その1つが「Xperia オーナーズパーティ」だ。2015年10月より始まったこの取り組みは、今回取材した石川県・金沢で4回目(そのほかに東京・名古屋・大阪・高松)。初回はソニー本社にあるショールームで行われたが、その好評ぶりから2回目は東京・名古屋・大阪、3回目は福岡・札幌・広島・仙台・東京と地方へと場を広げている。

このパーティの醍醐味は、Xperiaユーザーと開発者が直接対話できる機会設定にある。

「元々、ソニー担当者との飲み会で出た話だったんです。ソニー本社のショールームを見た時、とても感動して『この感動をユーザーに届けたい』と思いました。ただ、初回の開催時に『この場所に感動してもらえるかな』と想定していたら、いらっしゃったお客さんが一番感動していたポイントは『開発者との懇親会』でした。

当時は立食形式だったんですが、2時間もの間、開発者とユーザーさんが、食事に手を付けることなく、ひたすら話し込んでいてイベントが終わりました。この状況を見て『目からウロコ』という言葉が見に染みました(笑)。本当に熱心にXperiaを使っているユーザーからすれば、開発者がどういう思いでXperiaを作っているのか知れる機会。この2時間で、『これなんだ』と思いました」(KDDI コンシューママーケティング本部 コンシューママーケティング1部長 渡辺 和幸氏)

金沢のイベントではソニーモバイルのエンジニア10名が来場し、ファンとの交流を行った。元々Xperiaユーザーを対象としたイベントのため、いわゆる濃い「ソニーファン」が、最新の「Xperia XZ」の開発裏話を聞き、歓声を上げていた

初回のイベントへの応募は1万人を超え、4回目でも7700名の応募、当選確率は3%(競争倍率32倍)という狭き門。東名阪と石川県、香川県のイベントながら、17都道府県から応募があり、年齢層も18歳~60歳と幅広い。

「Xperiaは日本全国にファンがいる。今回のイベントでKDDIの全支社を回りましたが、とにかくどこの場所でもユーザーさんの熱量はすごい。最初は技術解説のプレゼンテーションをメインにしていたのですが、前述の通り『開発者との対話』がお客さまにとっての最大の関心事。今回は初めて、開発者懇親会を軸に据えました。ソニーからも『エンジニアが直接お客さまとやり取りできて喜んでいる』という声をいただいています」(渡辺氏)

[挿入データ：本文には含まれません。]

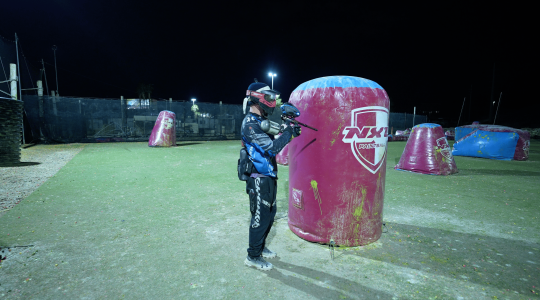 Dramatic night-time paintball game at Big Balls Brotherhood field with players wearing protective gear and tactical clothing. Fast-paced action and strategic gameplay on illuminated paintball arena.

ただ、Xperiaと言えばNTTドコモの「Xperia X10」が国内で初めて登場した端末であり、Xperia Z3からはソフトバンクでの取り扱いもスタートした。先日発売されたばかりのXperia XZも3キャリア横並びであり、「auのXperia」が際立つ要素はあまりない。「オーナーズパーティでアンケートを取っていますが、Xperiaユーザーを対象としたイベントですので、『Xperiaが好き』という回答が100%なんです。でも、『auが好き』という回答はそれほどまで伸びない」(渡辺氏)

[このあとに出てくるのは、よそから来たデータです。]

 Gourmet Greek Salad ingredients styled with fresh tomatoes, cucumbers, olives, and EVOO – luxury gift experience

そうした状況で重要視するのが、冒頭でも触れたダイレクトマーケティングの実践だ。ユーザーと直接コミュニケーションする機会を持つことで、CX(Customer Experience、顧客体験)の向上を図り、直接ソーシャルメディアに投稿させることで拡散を狙う。

「参加者はこの金沢で言えば40名とかなり小規模ですが、募集段階で(5会場合計)1万弱の応募があり『こういうイベントがある』といった拡散も見込める。イベント内でハッシュタグを利用してTwitterやFacebook、Instagramなどへの投稿を行っていただくのもあわせると、数十万人へのリーチがあると試算しています」(渡辺氏)

フォトグラファーの東真子氏が来場し、Xperiaでの写真の撮り方を指南。会場で撮影のコツを教え、そのままソーシャル拡散を狙う

イベントの反応は満足度が99%(過去イベント合計)とすこぶる良く、イベント後のアンケート調査では「auが好き」という回答も100%近くまで跳ね上がるそうだ。「楽しめる機会をセットしてくれたau」という感情が重要で、その印象がユーザーの好意的な投稿に繋がり「好印象の波及効果が生まれていると手応えを得ています」(渡辺氏)。この波及効果を精査すると「費用対効果でも、イベント開催は十分に成功している」(渡辺氏)。